If you read the fine print, you find this church building was commissioned on November 30, 1927. This was after years of work by Tamil Lutherans who had emigrated from India decades earlier. But although in Kuala Lumpur, Malaysia, there are many similarities between Zion Lutheran and Midwestern American Lutheran Churches of a similar age. For instance, there’s a bell.

But forged in Erfurt, Germany.

And as with many, many Lutheran churches, there of course is a church hall. This one doesn’t look too different from many I’ve stood in at home in the United States.

And they, like many other Lutheran Churches, have a list of their pastors.

And of course the interior is not too different from what you might be used to….

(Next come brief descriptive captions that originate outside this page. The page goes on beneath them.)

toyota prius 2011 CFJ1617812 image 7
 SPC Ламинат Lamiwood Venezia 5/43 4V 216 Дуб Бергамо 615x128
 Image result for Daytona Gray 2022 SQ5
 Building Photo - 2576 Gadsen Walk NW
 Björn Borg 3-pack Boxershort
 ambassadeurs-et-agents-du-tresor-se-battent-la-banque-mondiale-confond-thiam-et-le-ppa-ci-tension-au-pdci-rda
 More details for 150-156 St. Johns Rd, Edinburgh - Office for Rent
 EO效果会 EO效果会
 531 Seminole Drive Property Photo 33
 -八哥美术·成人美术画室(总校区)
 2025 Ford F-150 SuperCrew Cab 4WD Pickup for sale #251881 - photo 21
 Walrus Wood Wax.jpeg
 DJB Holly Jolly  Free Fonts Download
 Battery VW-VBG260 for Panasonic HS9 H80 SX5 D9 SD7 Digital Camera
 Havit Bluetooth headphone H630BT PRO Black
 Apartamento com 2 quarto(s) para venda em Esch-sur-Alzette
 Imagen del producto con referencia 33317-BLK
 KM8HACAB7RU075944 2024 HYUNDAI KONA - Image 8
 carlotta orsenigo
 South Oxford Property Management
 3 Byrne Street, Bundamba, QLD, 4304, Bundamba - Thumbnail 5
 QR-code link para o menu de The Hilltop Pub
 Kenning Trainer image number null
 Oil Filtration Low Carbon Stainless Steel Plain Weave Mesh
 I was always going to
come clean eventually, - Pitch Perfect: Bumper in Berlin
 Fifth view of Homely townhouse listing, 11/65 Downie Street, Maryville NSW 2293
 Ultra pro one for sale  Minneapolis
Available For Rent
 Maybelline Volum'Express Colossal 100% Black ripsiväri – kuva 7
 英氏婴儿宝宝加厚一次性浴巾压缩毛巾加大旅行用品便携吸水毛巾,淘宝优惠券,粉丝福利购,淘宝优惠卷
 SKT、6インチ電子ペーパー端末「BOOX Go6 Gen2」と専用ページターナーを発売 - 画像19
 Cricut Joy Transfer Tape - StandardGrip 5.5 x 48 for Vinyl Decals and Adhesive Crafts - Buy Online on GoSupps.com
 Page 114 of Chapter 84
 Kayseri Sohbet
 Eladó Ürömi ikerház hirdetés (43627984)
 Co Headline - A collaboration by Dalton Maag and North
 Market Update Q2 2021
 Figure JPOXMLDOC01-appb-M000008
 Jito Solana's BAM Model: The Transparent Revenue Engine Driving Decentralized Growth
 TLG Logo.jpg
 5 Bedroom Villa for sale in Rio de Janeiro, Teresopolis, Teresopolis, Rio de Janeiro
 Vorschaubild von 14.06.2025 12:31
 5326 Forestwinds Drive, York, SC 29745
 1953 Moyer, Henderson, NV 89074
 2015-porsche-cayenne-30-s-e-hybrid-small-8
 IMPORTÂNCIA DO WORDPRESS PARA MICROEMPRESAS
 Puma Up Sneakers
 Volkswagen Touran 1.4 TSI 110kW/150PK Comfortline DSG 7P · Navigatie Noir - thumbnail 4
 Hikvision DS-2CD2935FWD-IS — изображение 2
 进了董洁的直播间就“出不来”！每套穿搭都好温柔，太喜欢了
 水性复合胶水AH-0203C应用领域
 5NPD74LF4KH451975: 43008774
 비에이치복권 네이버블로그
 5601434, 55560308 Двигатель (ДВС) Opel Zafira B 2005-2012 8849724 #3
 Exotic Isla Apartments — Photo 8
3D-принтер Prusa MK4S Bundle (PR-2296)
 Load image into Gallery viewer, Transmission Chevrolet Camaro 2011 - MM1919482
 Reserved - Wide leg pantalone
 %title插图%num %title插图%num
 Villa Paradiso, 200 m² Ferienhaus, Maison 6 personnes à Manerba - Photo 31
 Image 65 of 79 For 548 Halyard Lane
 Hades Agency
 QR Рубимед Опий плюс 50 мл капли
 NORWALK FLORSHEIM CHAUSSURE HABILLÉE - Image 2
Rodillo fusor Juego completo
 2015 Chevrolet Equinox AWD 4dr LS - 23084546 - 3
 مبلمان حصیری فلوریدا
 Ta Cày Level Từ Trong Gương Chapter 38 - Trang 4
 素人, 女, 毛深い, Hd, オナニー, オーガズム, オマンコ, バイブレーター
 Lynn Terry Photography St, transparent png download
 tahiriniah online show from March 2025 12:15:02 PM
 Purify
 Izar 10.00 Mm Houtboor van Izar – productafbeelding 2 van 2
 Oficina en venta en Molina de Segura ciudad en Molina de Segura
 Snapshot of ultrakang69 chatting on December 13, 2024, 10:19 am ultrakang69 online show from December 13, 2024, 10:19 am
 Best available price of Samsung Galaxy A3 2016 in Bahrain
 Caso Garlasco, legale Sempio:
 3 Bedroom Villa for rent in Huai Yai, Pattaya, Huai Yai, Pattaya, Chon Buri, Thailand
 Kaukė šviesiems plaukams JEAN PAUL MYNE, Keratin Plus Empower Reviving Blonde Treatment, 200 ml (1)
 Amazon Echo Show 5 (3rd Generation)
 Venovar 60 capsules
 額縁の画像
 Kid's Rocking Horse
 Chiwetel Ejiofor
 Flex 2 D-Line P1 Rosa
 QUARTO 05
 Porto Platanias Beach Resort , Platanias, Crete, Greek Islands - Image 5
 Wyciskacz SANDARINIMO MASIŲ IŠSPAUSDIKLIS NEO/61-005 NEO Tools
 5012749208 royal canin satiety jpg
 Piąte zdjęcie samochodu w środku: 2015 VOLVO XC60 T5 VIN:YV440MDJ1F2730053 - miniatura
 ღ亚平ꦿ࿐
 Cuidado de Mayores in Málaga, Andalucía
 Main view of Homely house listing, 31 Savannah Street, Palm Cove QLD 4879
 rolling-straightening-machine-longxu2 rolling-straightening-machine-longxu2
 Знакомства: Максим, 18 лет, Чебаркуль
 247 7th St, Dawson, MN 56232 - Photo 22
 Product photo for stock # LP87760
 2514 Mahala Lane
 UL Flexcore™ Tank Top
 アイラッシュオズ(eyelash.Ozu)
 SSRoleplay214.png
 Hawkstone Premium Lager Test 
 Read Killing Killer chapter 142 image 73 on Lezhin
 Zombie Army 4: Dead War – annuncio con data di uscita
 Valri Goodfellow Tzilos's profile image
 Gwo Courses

Zion offers several services each weekend and is shared by actually two different Lutheran congregations. Services are in Tamil, but there is also an English service since English is the predominant language in Malaysia (or at least Kuala Lumpur).

I was also able to visit Holy Cross Lutheran Church located about 90 minutes south of Zion Lutheran in an area known as Port Klang. That’s 90-minutes to drive about 20 miles, to give you an idea of the congestion in Kuala Lumpur.

Holy Cross Lutheran Church

Holy Cross is the congregation that helps to support and run the Women’s Care & Counseling Center (WCCC), a program and home that assists young women who find themselves unexpectedly pregnant and might otherwise consider abandoning the child to die after birth.

The LCMS has helped support this ministry in the past by providing a deaconess training program as well as through financial assistance. Hopefully we can begin assisting this ministry in transforming the lives of men, women and their unborn children. Covid created a gap in assistance, as not just movement but also communication often became sparse and complicated due to other pressing issues. What a blessing to be able to make contact with the ELCM again and search for ways to work together with them again in the future!